Excellent, I'm actually thinking of a Panther Chameleon.

Would you happen to know if 24"x24"x48" would be OK?

Thanks

EDIT: Gah, I just noticed a typo - I wanted a quote on 36"x24"x48" as well as 24"x24"x48" and not 36"x36"x48", bugger.


----------



## paulskin (Jul 5, 2007)

Dork Knight said:


> Excellent, I'm actually thinking of a Panther Chameleon.
> 
> Would you happen to know if 24"x24"x48" would be OK?
> 
> ...


dont think that would last a panther very long tbh,i was thinking of using one of those for my yemen,but he never got back to me on the custom size i needed


----------



## paulskin (Jul 5, 2007)

paulskin said:


> dont think that would last a panther very long tbh,i was thinking of using one of those for my yemen,but he never got back to me on the custom size i needed


oh sorry is that 48 high lol,yeah would be fine,just to be nice you could bump it another foot in length


----------



## paulskin (Jul 5, 2007)

and 3rd reply in a row lol,did you get a price on those yet,could you let me know cheers


----------



## Dork Knight (Mar 10, 2008)

Cheers paul, so perhaps the following for a Panther;

24"x24"x48"
24"x24"x60"

I hope that he gets back to me.

EDIT: I only sent him an email, well two actually after my typo, in the last hour or so.
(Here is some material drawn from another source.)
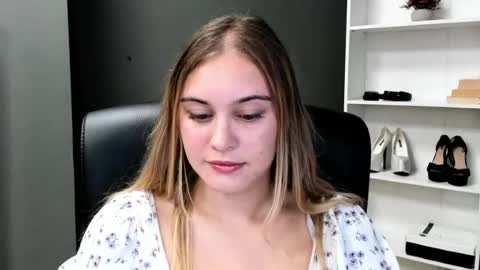 Valeria online show from July 27, 2026, 9:11 pm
I'll post all info _when_ he gets back to me.


----------



## paulskin (Jul 5, 2007)

how are listing your dimensions there LxWxH ect?


----------



## Dork Knight (Mar 10, 2008)

WxDxH or if you prefer LxDxH

I would prefer to purchase 24"x24"x48" or 24"x24"x60", however, I could probably get 36"x24"x48" or 36"x24"x60" at a push.
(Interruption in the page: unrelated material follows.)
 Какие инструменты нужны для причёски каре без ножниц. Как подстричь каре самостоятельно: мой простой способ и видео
I've read a couple of care sheets which say house adults in 24"x24"x48", which would be fine. However, I wouldn't like to think that this is the minimum space that adults should live in as I would like to provide extra space for them.


----------



## Dork Knight (Mar 10, 2008)

OK, I've had a response from Terry;



> These cages are of course all special orders and as such will entail quite a lot of extra work etc. We cannot do a 36x36 base as the largest bases we have are 36x24 so 36x24x48 would be possible and 24x24x48 is not a problem.
> 
> Prices would be £195 and £145 respectively. The cages have completely replacable parts so any damage done by domestic pets or wild animals can be replaced. All that is needed is to send the appropriate panel back to us and we can put in a new section. Bases and door catches etc are also not a problem. I am in the Oxford area and would recommend that you collected the cages rather than have them sent by courier as such large panels could possibly get damaged in transit.
> 
> ...


So;

24x24x48 = £145
36x24x48 = £196

I think the 24x24x48 looks good to me, collection wouldn't be an option so hopefully shipping shouldn't be an issue.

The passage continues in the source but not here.